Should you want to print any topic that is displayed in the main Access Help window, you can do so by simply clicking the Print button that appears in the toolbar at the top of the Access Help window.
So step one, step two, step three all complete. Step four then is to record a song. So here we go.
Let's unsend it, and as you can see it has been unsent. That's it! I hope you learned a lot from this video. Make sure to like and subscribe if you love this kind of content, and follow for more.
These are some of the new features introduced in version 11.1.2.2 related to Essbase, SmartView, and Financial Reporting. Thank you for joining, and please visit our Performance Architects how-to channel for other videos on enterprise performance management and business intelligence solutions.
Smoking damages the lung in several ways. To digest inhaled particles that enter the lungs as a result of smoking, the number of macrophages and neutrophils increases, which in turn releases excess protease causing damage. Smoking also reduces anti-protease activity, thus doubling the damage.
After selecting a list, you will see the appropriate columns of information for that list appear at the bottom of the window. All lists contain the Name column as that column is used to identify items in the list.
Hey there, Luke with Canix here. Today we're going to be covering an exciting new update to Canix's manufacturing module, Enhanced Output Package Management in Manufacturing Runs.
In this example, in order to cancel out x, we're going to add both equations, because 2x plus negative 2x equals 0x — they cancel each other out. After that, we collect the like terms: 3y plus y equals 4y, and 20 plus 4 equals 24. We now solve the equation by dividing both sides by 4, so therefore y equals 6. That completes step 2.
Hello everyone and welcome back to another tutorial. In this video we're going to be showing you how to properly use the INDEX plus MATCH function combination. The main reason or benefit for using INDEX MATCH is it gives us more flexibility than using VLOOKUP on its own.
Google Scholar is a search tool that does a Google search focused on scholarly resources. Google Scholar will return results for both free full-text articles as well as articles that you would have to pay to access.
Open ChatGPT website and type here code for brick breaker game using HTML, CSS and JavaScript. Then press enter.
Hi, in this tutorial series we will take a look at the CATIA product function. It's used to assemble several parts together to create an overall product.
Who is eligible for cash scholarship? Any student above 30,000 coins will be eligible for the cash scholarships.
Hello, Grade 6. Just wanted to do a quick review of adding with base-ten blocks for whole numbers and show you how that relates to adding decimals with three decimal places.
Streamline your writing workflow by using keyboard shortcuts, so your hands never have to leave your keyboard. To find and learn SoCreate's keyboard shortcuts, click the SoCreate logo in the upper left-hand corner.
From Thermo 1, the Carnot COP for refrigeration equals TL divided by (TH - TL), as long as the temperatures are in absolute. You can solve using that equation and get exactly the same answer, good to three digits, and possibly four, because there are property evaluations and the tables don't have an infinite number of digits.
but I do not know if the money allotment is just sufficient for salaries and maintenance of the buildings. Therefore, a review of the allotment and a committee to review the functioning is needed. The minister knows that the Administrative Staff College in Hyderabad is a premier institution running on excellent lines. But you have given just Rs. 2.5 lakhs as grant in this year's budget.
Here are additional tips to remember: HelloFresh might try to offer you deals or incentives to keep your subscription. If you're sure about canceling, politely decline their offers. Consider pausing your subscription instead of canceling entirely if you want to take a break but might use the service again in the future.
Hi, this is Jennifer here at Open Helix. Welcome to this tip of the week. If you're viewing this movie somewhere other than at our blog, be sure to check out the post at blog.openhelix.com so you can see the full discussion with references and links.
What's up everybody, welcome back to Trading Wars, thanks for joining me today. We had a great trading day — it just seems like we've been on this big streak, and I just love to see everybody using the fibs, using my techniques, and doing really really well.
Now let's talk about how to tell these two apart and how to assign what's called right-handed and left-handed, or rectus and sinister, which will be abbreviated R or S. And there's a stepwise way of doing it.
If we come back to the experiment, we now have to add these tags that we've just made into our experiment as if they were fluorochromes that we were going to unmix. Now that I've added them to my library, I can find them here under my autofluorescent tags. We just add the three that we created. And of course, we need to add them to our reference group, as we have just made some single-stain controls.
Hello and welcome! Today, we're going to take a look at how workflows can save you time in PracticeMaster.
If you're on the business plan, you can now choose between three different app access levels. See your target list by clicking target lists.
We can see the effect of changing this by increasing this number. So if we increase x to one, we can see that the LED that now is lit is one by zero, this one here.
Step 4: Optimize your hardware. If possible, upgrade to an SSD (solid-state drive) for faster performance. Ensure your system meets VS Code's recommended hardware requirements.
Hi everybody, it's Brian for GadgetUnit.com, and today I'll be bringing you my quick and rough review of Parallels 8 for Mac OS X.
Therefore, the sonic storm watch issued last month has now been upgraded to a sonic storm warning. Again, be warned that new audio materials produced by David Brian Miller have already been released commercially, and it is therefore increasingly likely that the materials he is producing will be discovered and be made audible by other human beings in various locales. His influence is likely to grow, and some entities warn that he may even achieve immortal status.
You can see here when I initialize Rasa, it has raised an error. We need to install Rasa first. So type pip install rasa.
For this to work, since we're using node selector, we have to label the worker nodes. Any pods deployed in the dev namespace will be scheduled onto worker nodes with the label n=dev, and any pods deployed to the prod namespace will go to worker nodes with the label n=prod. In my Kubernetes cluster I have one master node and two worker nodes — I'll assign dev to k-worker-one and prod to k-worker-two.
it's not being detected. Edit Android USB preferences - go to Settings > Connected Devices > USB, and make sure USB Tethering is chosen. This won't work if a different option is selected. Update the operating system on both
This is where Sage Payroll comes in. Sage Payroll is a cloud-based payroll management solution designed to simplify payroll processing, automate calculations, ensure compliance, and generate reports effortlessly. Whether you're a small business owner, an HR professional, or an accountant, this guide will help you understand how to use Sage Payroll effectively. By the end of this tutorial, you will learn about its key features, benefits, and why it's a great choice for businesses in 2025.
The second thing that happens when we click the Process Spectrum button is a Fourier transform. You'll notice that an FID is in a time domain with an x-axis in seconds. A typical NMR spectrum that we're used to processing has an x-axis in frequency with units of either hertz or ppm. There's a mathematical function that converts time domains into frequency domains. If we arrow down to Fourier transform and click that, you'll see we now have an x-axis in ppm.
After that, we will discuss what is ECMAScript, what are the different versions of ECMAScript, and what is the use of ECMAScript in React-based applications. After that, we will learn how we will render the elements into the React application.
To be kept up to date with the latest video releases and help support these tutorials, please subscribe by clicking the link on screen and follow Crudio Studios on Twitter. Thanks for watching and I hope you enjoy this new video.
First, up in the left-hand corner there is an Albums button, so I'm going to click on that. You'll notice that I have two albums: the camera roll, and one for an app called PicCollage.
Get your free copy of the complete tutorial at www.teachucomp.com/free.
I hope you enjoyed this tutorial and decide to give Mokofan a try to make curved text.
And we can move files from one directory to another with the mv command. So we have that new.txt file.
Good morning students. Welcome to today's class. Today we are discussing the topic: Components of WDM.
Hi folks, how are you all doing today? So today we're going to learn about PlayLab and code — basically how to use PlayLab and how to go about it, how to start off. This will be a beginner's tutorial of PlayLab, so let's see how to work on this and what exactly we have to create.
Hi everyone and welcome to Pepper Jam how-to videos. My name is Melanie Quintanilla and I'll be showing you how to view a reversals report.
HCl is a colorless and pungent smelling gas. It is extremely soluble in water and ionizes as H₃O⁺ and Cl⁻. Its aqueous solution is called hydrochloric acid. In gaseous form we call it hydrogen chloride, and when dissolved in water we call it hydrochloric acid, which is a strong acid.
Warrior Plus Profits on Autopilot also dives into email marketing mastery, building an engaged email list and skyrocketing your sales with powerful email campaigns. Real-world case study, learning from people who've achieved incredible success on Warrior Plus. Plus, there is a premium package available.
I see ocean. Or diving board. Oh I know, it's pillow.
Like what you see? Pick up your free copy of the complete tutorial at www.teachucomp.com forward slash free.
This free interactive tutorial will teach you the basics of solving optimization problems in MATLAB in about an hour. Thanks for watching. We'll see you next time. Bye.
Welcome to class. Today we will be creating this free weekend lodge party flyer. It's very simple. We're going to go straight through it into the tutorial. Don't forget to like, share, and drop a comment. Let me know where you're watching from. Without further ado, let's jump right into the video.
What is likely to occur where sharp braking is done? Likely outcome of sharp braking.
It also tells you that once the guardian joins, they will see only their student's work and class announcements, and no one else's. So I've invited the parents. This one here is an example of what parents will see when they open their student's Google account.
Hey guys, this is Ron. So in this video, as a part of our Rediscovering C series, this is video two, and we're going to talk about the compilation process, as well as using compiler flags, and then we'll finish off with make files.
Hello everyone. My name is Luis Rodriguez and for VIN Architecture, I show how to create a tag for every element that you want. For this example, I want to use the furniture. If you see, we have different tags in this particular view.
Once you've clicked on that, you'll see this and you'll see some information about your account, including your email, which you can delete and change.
⁂
Problem to work on :: Sift the material for lines that include the word "performance", and copy each one.

Completed exercise ::
These are some of the new features introduced in version 11.1.2.2 related to Essbase, SmartView, and Financial Reporting. Thank you for joining, and please visit our Performance Architects how-to channel for other videos on enterprise performance management and business intelligence solutions.
Step 4: Optimize your hardware. If possible, upgrade to an SSD (solid-state drive) for faster performance. Ensure your system meets VS Code's recommended hardware requirements.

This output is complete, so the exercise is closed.